THE PROBLEM: Search the material below for the word "dress". Copy every line where it is found.

SUPPLIED MATERIAL:
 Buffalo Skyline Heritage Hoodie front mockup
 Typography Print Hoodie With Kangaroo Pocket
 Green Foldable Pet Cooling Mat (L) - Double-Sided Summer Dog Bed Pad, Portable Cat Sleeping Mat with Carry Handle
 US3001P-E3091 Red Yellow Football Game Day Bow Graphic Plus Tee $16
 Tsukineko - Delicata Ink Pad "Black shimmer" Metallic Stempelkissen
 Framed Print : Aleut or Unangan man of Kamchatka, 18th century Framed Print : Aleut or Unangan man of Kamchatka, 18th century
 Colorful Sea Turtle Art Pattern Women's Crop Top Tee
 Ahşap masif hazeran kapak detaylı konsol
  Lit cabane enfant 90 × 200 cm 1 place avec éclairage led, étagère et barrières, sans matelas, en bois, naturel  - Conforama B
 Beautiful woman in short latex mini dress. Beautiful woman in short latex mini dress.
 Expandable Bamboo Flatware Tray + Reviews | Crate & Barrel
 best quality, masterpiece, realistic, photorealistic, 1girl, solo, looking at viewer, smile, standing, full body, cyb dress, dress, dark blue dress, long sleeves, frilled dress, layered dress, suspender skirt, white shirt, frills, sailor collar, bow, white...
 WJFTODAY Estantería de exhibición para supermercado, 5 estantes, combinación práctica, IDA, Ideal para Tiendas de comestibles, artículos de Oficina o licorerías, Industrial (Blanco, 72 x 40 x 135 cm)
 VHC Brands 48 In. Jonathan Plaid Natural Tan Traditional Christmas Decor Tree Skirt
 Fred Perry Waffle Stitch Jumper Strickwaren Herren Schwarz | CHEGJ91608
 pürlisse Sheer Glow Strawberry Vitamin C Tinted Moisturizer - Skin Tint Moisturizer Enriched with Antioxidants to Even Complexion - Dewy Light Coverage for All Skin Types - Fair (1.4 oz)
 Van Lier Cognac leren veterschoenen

RESPONSE BOX:
 Beautiful woman in short latex mini dress. Beautiful woman in short latex mini dress.
 best quality, masterpiece, realistic, photorealistic, 1girl, solo, looking at viewer, smile, standing, full body, cyb dress, dress, dark blue dress, long sleeves, frilled dress, layered dress, suspender skirt, white shirt, frills, sailor collar, bow, white...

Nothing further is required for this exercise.